The reality is that the NHS is being overrun by increased demand, particularly in this area (see the recent resignation of a Tavistock governor in protest) and assessments are therefore done hastily without recourse to the usual ‘formulation’ (a full psychological understanding of the person in front of us).

In addition, even a cursory glance at social media tells us that fear dominates discussion of gender identity in our culture, and this has affected the medical community and the NHS. It simply isn’t true that the choice is between conversion and suicide, when at best the outcomes for those who have transitioned are no better and possibly worse than prior to surgical transition. It also isn’t wise to allow such momentous choices to be made by such young minds. Young children aren’t allowed to vote, drink alcohol, smoke or have sex because we know that the immature brain is unable to make reliably rational decisions.

Medics are trained in the rigours of evidence-based medicine. And yet, as I have heard time and time again in private, we are treating children with puberty blockers when we know the evidence is uncertain and there is potential for harm. I have no doubt that those who work in GIDS have good intentions. They are faced with difficult decisions daily and we must recognise the complexities and uncertainty that they face. The number of referrals to the service is overwhelming and many of the people we see are in real pain and looking for answers.

Is bodily sex relevant anymore?

Interestingly for the Christian, the science supports the understanding that we are embodied selves. Children do not have to create an identity or question their very core sense of self as a boy or a girl. Indeed, transgender ideology is Gnosticism re-stated – the idea that biological sex plays second fiddle to a self-proclaimed, subjective gender identity, and that the sex of one’s body is mutable or even irrelevant.

But we are allowing this ideology to drive the medical profession to experiment on vulnerable children.

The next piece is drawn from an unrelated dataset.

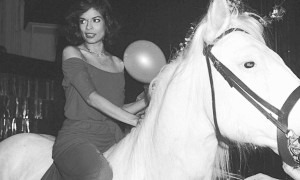 Bianca-Jagger-White-Horse-Studio-54-New-York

It is our role as medics to provide effective treatment free from external pressures. Changing bodies to conform to thoughts and feelings is at best problematic. Instead, the best treatments focus on helping people accept and even embrace the truth about their bodies and reality.

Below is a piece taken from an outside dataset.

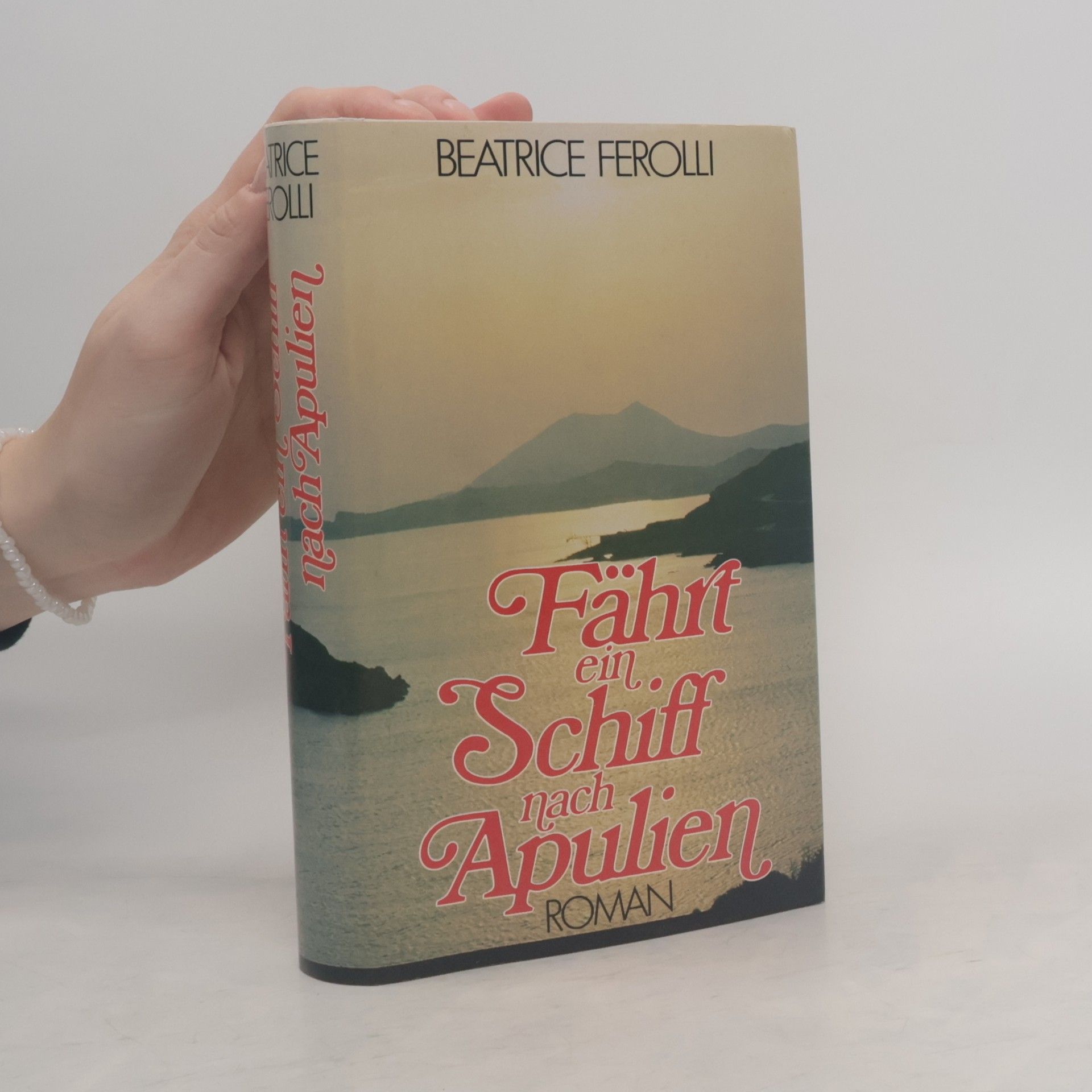 Beatrice Ferolli Fährt em Schiff nach Apulien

There is no well-established scientific consensus about the efficacy or safety of using puberty-blocking agents for children with gender dysphoria. It is a drastic and unprecedented measure. Further work is needed, and researchers should be permitted to ask these questions rather than being labelled as ‘politically incorrect’ or worse, ‘transphobic’.

Our children deserve treatment based on firm foundations, not on sand.